In particular, for the specific needs of distant supervision relation extraction tasks, the Glove model [21] is employed for word vector transformation to use global statistical information and local contextual information fully. In addition, in the Piecewise Convolutional Network layer and ontology fusion gate layer of the model, sentences are mapped to word vectors and combined with positional and ontology features to achieve in-depth semantic feature extraction of entity information.

4.1.2 Position vector

In sentence representation, words closer to the target entity word usually contribute more to the semantics of the sentence, a phenomenon that points to the importance of positional information in sentence comprehension [27]. In order to effectively encode such positional information, the present model incorporates positional vector features in sentence encoding, which effectively compensates for the deficiency of Convolutional Neural Networks (CNN) in positional information encoding. In the specific implementation for the text data in the field of supply chain management, the sentences are first preprocessed, including removing stop words and performing entity disambiguation so as to extract the entity sequences in the Chinese sentences.
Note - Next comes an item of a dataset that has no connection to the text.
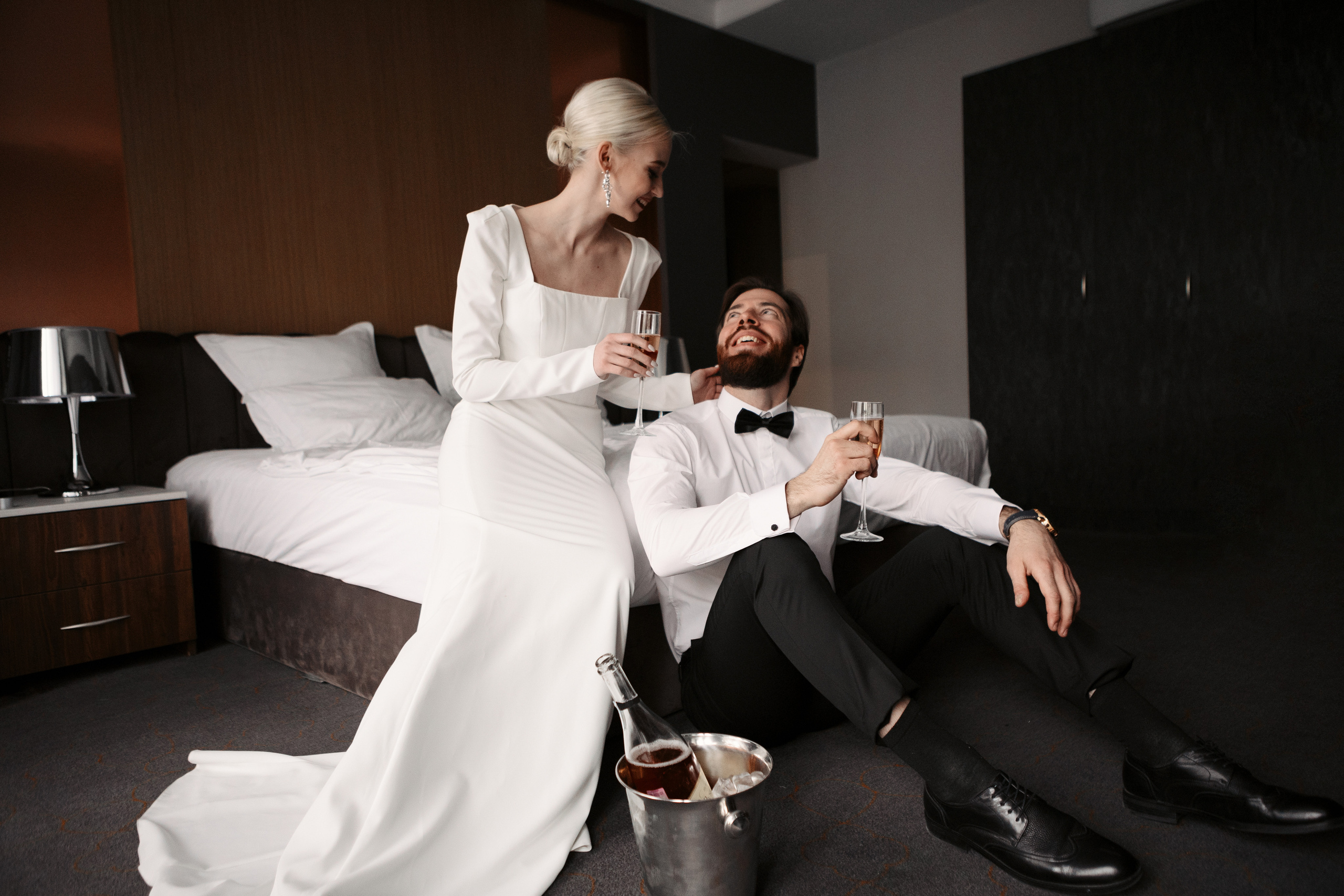 Любовь. Портретный фотограф в Москве Илья Королев. Контент съемка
The next steps of implementation are as follows: the relative distances between the i-th word in the sentence and the two key entities are denoted by \(P1_{i}(i = 1,2, \ldots n)\) and \(P2_{i}(i = 1,2, \ldots n)\) respectively. Then, the values are mapped into low-dimensional vectors \(p1_{i}(i = 1,2, \ldots ,n)\) and \(p2_{i}(i = 1,2, \ldots ,n)\) by two vector matrices \(PE_{1}\) and \(PE_{2}\), with the mapping dimensions of the position vectors being \({d}_{{p}}\). Finally, the position vector and sentence vector are concatenated to derive the composite vector, \({X}_{\mathrm{pos}}\), as illustrated below:

$$ {X}_{\mathrm{pos}} = [ {X}_{\mathrm{i}}; {p}1_{\mathrm{i}}; {p}2_{\mathrm{i}} ], $$
(1)

where \(X_{i}\) represents the sentence word vector, which is directly concatenated to obtain a vector that combines positional features \({X}_{\mathrm{pos}}\). Given the variability in sentence length, a maximum positional distance limit is set to normalize the processing of position vectors. At the Piecewise convolutional neural networks level, the model’s ability to encode positional information is significantly enhanced by fusing the positional features of entity pairs with the vectorial representations of sentences.

4.1.3 Piecewise feature extraction

Sentence vectors incorporating positional features are constructed by transforming word vectors and integrating position vectors. To mine the local structural features in the sentences deeply, PCNN is adopted as the core neural network architecture to automate the learning of textual features. Within the field of Natural Language Processing (NLP), the maximum pooling operation is widely used to extract salient features in sentence expressions. This process helps to reduce the number of parameters in the model [6].

However, in relation extraction tasks, standard maximum pooling often fails to accurately capture critical information related to entity pairs due to its large selection granularity. By introducing the piecewise maximum pooling mechanism, PCNN can deal with crucial information in the sentence in a more detailed manner, especially the semantic features that are neighboring to the target entity pairs, significantly improving the model’s ability to capture the deeper semantics of the sentence.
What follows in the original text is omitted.